A knock on the gait and my father was quickly welcomed, though knowing the rules, he stayed right in the doorway. No male guests past the entrance hall; the sanctity of the women’s place was protected here. He had hardly changed since I last saw him, and this made me happy, it was easier to think that his life revolved around me instead of my stepmother when he hardly changed in between visits. I waited patiently as he greeted Mother respectfully, then could no longer restrain myself as he turned to me.
“Father!” He hugged me, then gently disengaged my arms, warning me, “You’re getting a bit old for that now Guinevere.” I had been too old for displays of affection for years, but father had never said anything before. I wondered why he had brought it up now, and looked at him curiously.

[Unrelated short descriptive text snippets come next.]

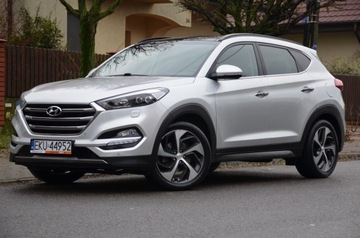 Hyundai Tucson III SUV 2.0 CRDI 185KM 2016 2.0CRDI 4x4 185KM SERWIS PANORAMA BI-XENON NAVI KAMERA WENTYLE GRZ.KIERA, zdjęcie 2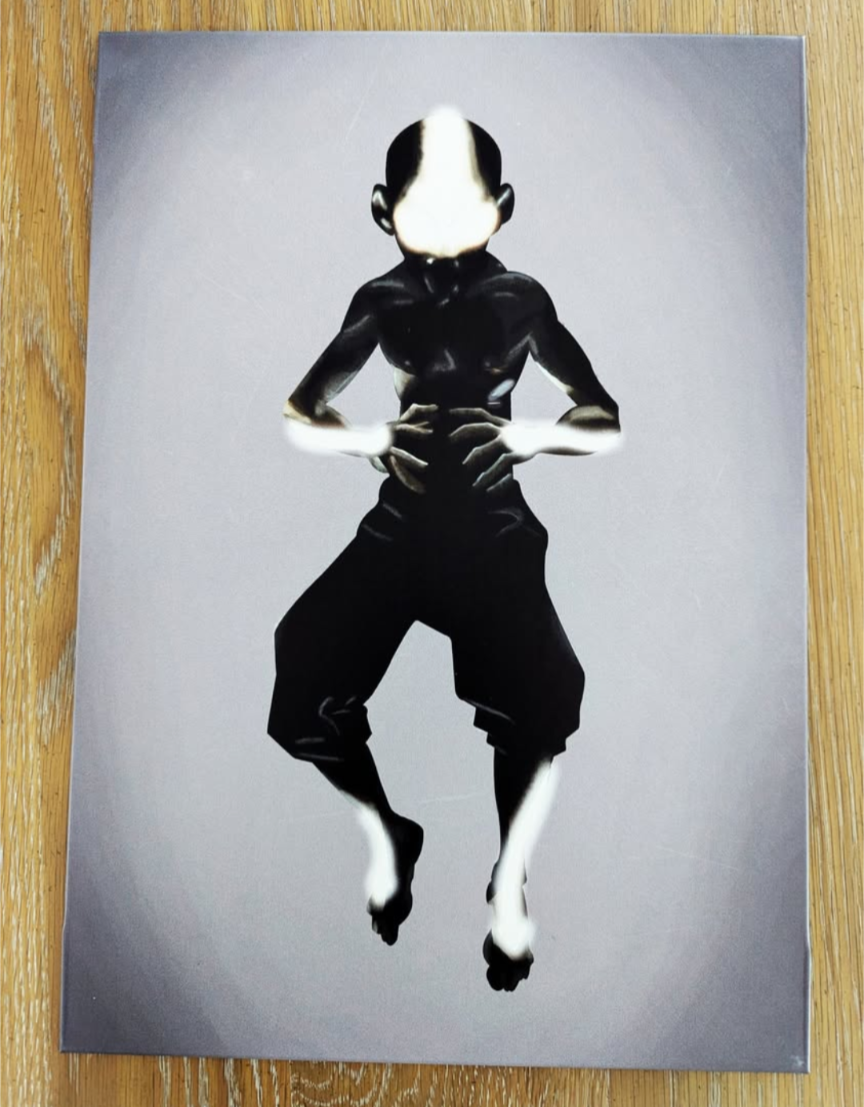 Metal Magnetic Displate Avatar: The Last Airbender (Set of 3) - photo 2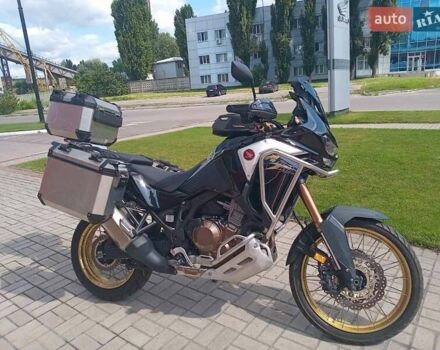 Черный Хонда CRF 1100L Africa Twin, объемом двигателя 1.08 л и пробегом 12 тыс. км за 15950 $, фото 6 на Automoto.ua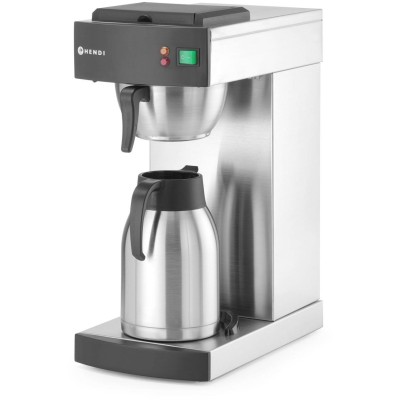 Překapávací kávovar, HENDI, 2L, 220-240V/1400W, 215x410x(H)520mm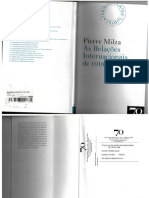 As Relações Internacionais de 1918 a 1939 - Pierre Milza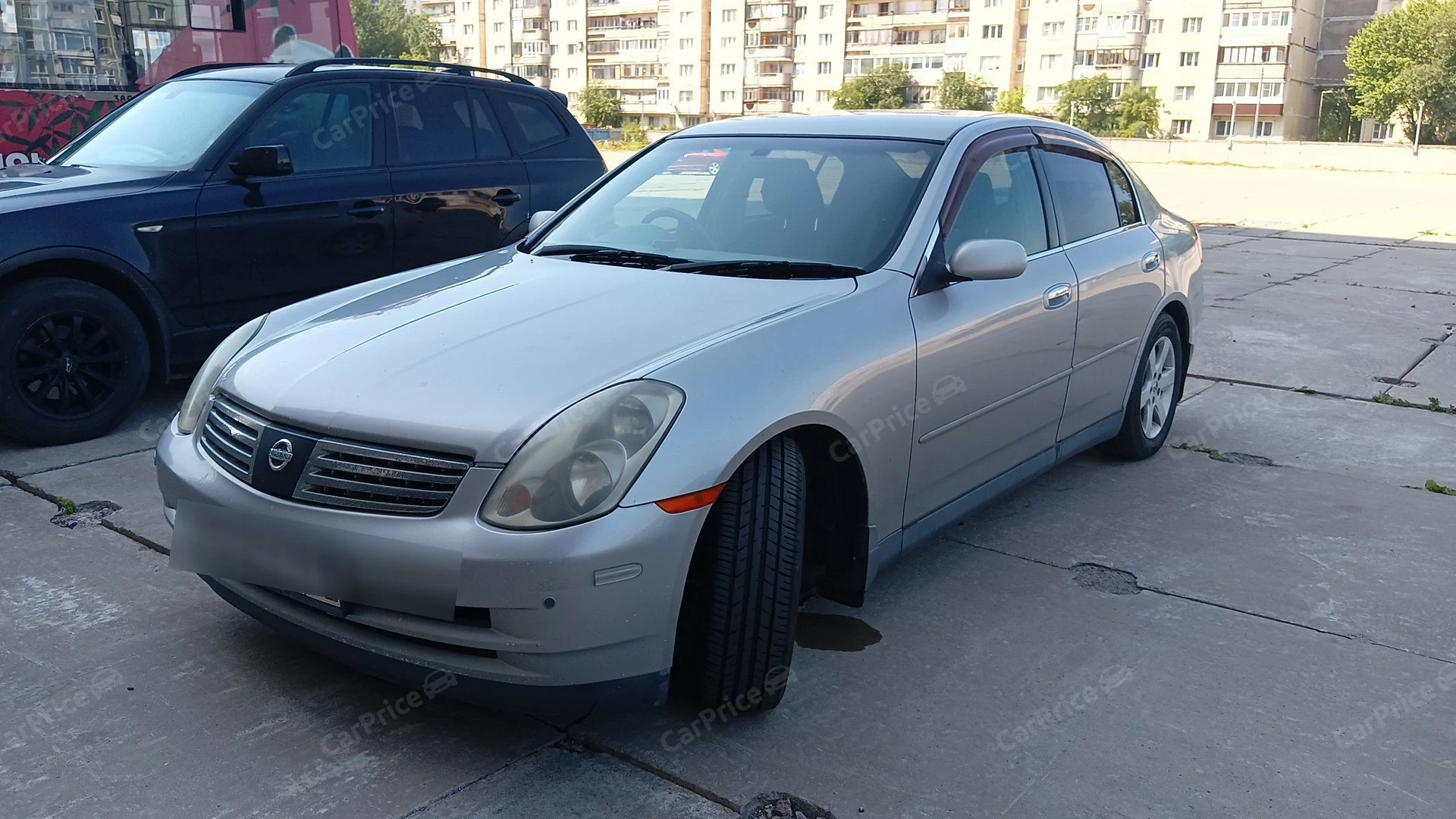 Внешний вид автомобиля — NISSAN Skyline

He smiled down at me though, cheerful and in good humor, “We have much to talk about later, Gwen, but for now, there are the horses to see to and the men to feed. I’ll speak with you on the morrow.”
“But father…”
“No buts. Be a good girl, Gwen.” He turned and thanked Mother for her hospitality, then strode out the door to where his men would be setting up camp. I felt vaguely disappointed, and I think Sister Theresa saw that in my face.
“Cheer up, Gwen. He must have a lot to talk to you about, to have to wait till later.”
My mood instantly improved, I returned her hesitant smile and disengaged my hand from hers. “Yes, you’re right of course. Thank you sister.” I walked calmly outside, then broke into a run when I reached the courtyard. I’d be able to see everything going on in the camp from the tree.